- [Exercise requirements] Output exactly the lines from the one with "Returned by the King Chap 54 - Next Chap 55" to the close of the records below, first and last included.

BEGIN Stored data

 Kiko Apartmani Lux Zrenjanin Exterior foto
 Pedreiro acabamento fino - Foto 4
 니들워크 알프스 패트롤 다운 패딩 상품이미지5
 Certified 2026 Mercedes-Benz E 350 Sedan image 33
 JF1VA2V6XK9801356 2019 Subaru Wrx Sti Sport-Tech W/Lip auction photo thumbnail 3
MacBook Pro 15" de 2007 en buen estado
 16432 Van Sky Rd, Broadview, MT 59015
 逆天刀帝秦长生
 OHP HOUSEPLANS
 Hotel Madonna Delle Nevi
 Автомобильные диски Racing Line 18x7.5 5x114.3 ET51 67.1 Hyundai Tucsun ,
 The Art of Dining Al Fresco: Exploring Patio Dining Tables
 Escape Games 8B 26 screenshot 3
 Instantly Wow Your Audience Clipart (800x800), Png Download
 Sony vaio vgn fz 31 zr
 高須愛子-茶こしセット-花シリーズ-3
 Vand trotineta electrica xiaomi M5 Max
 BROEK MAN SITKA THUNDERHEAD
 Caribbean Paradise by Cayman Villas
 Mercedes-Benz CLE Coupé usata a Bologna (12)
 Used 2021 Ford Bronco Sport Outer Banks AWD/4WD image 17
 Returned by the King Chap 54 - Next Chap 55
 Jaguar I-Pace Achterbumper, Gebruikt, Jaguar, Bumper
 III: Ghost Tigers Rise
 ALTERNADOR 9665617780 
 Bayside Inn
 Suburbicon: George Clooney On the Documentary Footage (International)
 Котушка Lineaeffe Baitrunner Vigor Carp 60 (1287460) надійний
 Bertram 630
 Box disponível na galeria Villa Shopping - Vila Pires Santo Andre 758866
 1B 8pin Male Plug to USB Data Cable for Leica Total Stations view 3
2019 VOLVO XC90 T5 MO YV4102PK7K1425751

END Stored data

- [Reply]
 Returned by the King Chap 54 - Next Chap 55
 Jaguar I-Pace Achterbumper, Gebruikt, Jaguar, Bumper
 III: Ghost Tigers Rise
 ALTERNADOR 9665617780 
 Bayside Inn
 Suburbicon: George Clooney On the Documentary Footage (International)
 Котушка Lineaeffe Baitrunner Vigor Carp 60 (1287460) надійний
 Bertram 630
 Box disponível na galeria Villa Shopping - Vila Pires Santo Andre 758866
 1B 8pin Male Plug to USB Data Cable for Leica Total Stations view 3
2019 VOLVO XC90 T5 MO YV4102PK7K1425751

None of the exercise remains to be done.